Coach John Wooden, was one of American’s most respected and revered basketball players and coaches. Nicknamed the “Wizard of Westwood,” he led the UCLA men’s basketball team to ten national championships in a 12-year period, including an unprecedented seven in a row. Within this period, his teams won a men’s record 88 consecutive games.
When I stop and admire the accomplishments of people before me, from famous athletes, to CEO’s, to coaches, to philanthropists, to poets and / or artists, I’m reminded that success leaves clues.
Coach Wooden’s unprecedented success is something I deeply admire!

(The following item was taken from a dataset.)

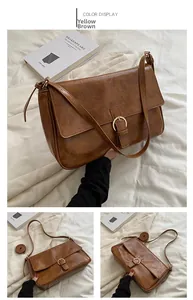 Detail view of yellow-brown retro crossbody bag with gold ring buckle and leather texture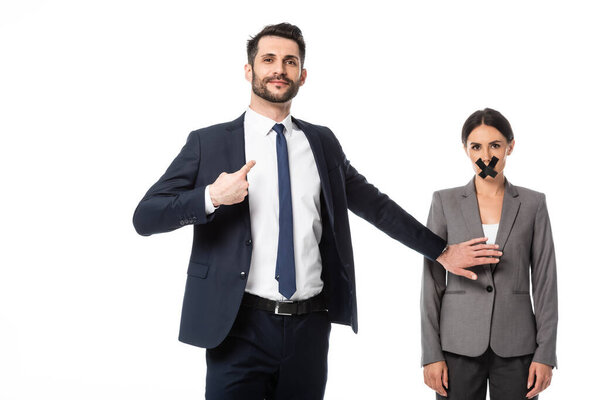 arrogant businessman pointing with finger at himself and touching woman with scotch tape on mouth isolated on white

His TED Talk, “The Difference between Winning and Succeeding,” has been viewed over 3.8 million times. In it, Mr. Wooden shares stories about his childhood, his life as a coach, and the beliefs that shaped his success!
Wooden’s definition of success truly resonates with me. He states that, “success is a peace of mind which is a direct result of self satisfaction in knowing you did your best to become the best you are capable of becoming.”
Early in my childhood, my parents would encourage me to “do my best” at everything I embarked on. At the time, I thought it was a nice gentle way of getting me to do the things they believed were important to me, such as securing A grades or keeping my first job.
The actual advice is what helped me get to where I am and what continues to drive me. The truth is, you can’t bullshit yourself … maybe you believe you can BS others but no one can BS themselves.